**Prompt**. Return the full set of entries precisely. Do not carry over any pictures.

**Material to process**.
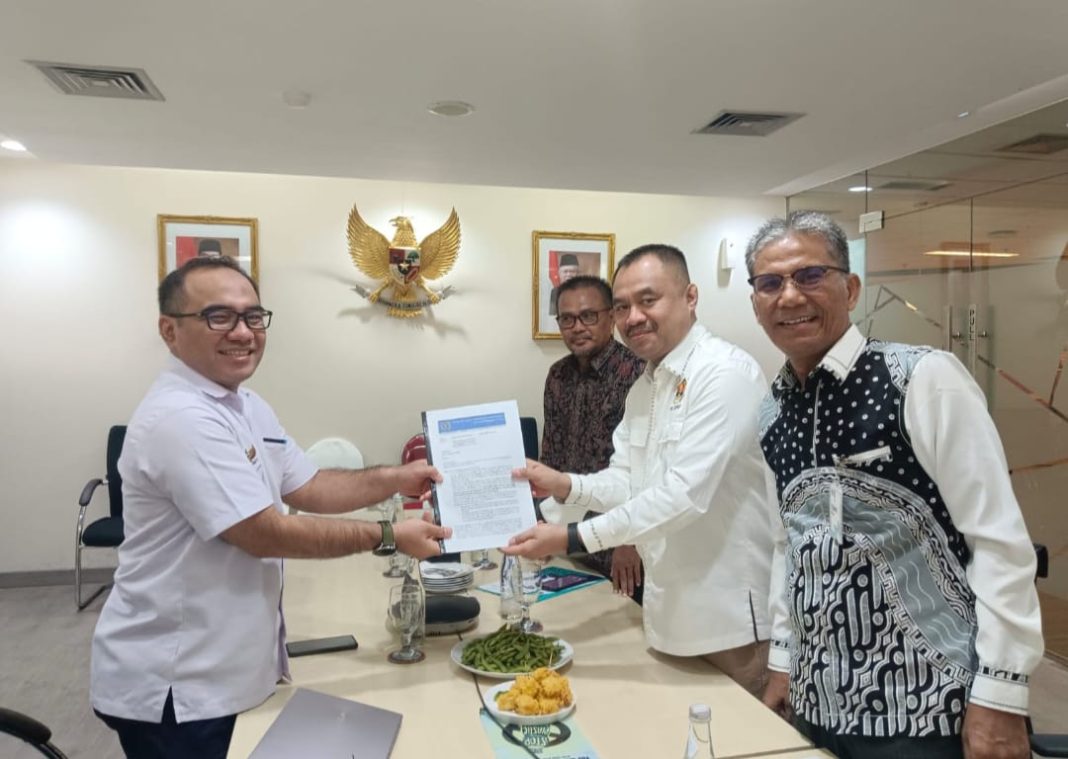 Ketua PWI Sumut H Farianda Putra Sinik didampingi Tim Tanah PWI serahkan surat permohonan pelepasan HGU diterima koordinator Humas Kementerian BUMN Fajar Karyanto di Jakarta.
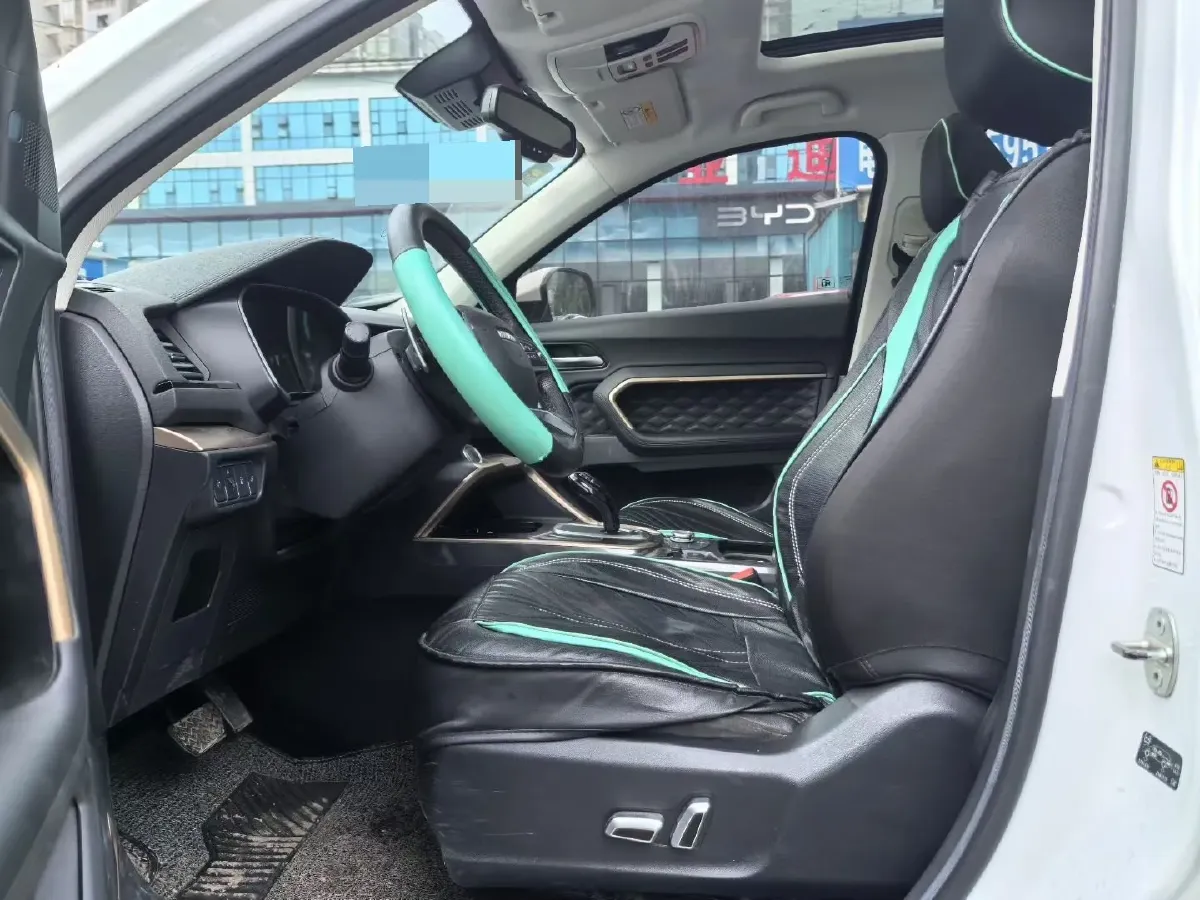 2020 Haval H6 1.5T 169HP L4 7DCT,autocango,china used car exporter,china ev exporter,chinese used car exporter,chinese used ev exporter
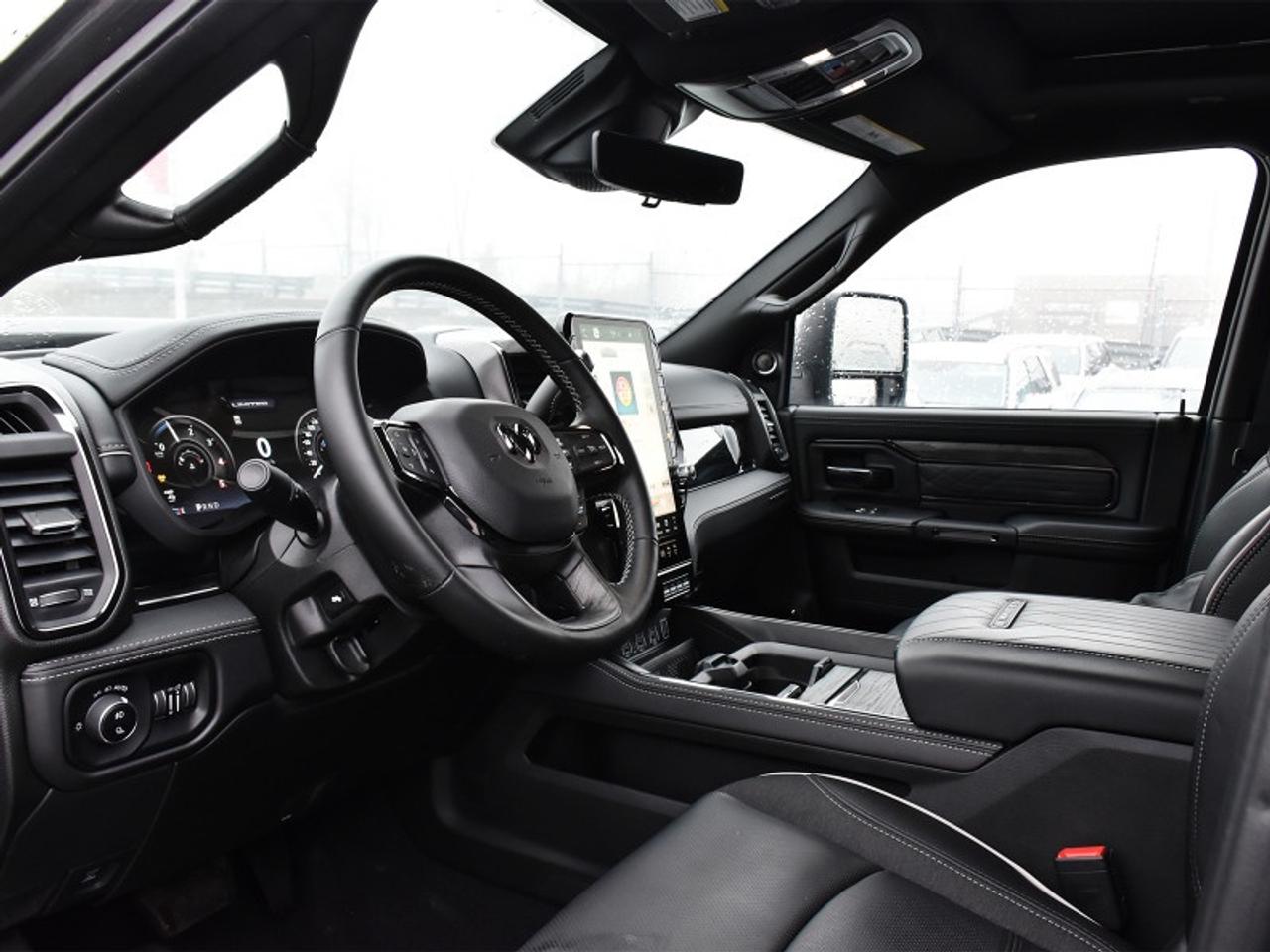 2025 RAM 2500 Diesel Limited   Leather    Roof   Navi   CarPlay Photo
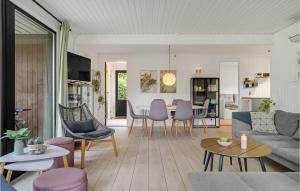 sala de estar con sofá y mesa en Stunning Home In Ebeltoft With Wifi, en Ebeltoft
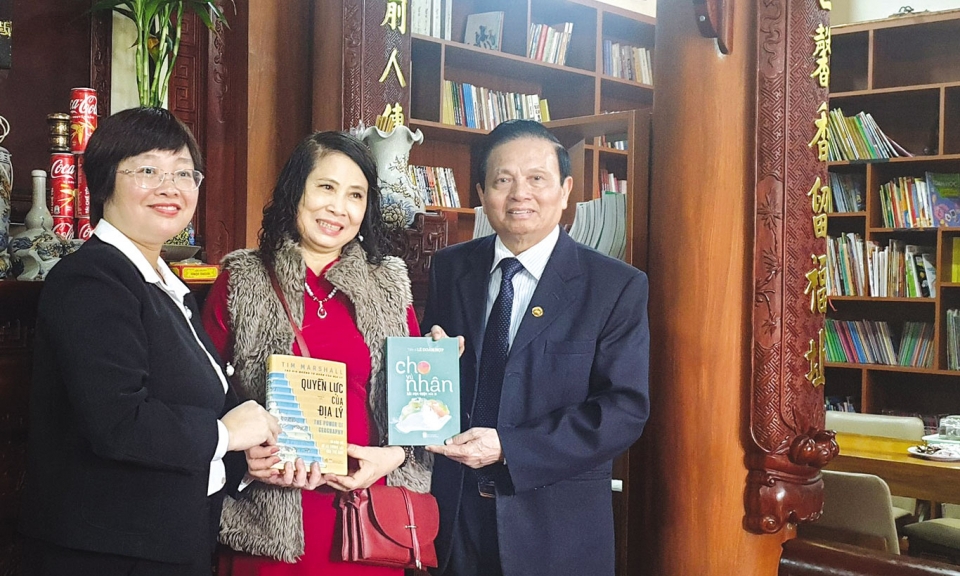 Chuyện ở “xã khuyến đọc” Đông Tiến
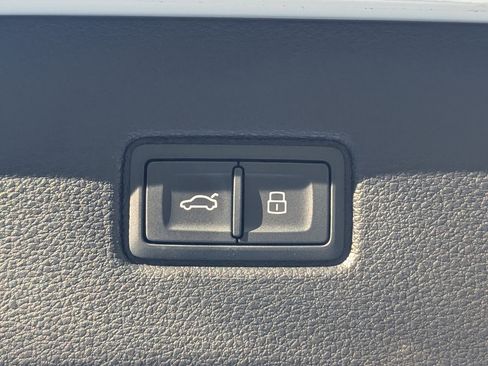 Used 2025 Audi Q7 3.0T Premium Plus image 20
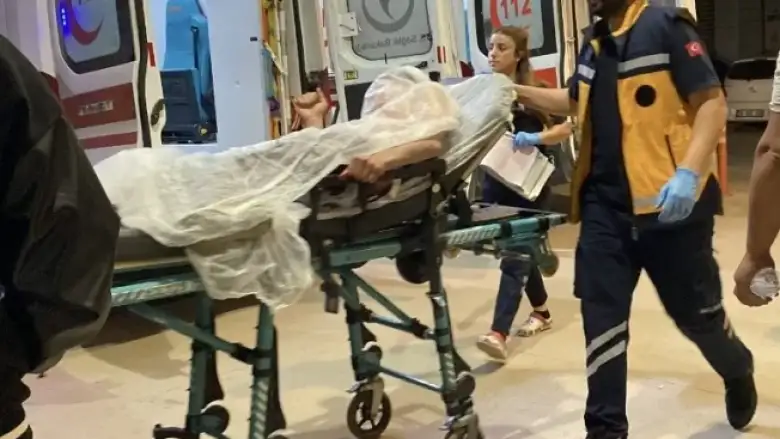 Kültür parkta bıçaklı kavga: 2 yaralı 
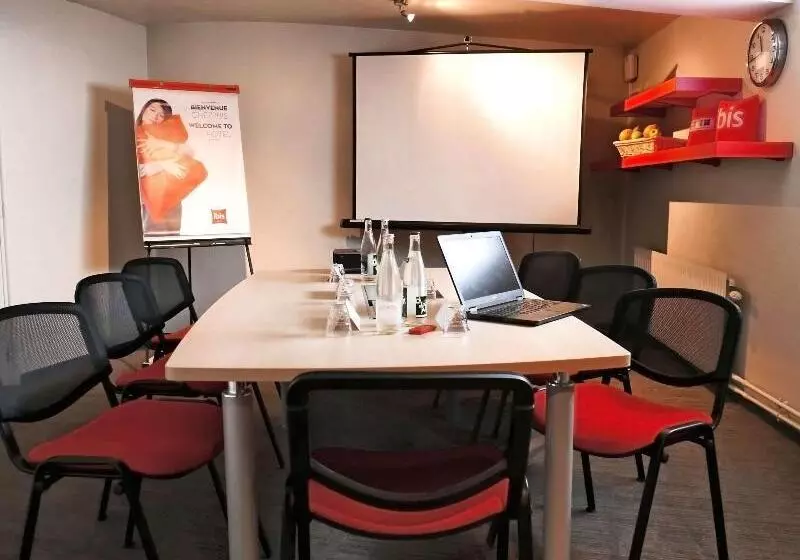 Fotos del hotel Ibis Paris Brancion Parc Des Expositions 15ème:  5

**Response box**.
 Ketua PWI Sumut H Farianda Putra Sinik didampingi Tim Tanah PWI serahkan surat permohonan pelepasan HGU diterima koordinator Humas Kementerian BUMN Fajar Karyanto di Jakarta.
 2020 Haval H6 1.5T 169HP L4 7DCT,autocango,china used car exporter,china ev exporter,chinese used car exporter,chinese used ev exporter
 2025 RAM 2500 Diesel Limited   Leather    Roof   Navi   CarPlay Photo
 sala de estar con sofá y mesa en Stunning Home In Ebeltoft With Wifi, en Ebeltoft
 Chuyện ở “xã khuyến đọc” Đông Tiến
 Used 2025 Audi Q7 3.0T Premium Plus image 20
 Kültür parkta bıçaklı kavga: 2 yaralı 
 Fotos del hotel Ibis Paris Brancion Parc Des Expositions 15ème:  5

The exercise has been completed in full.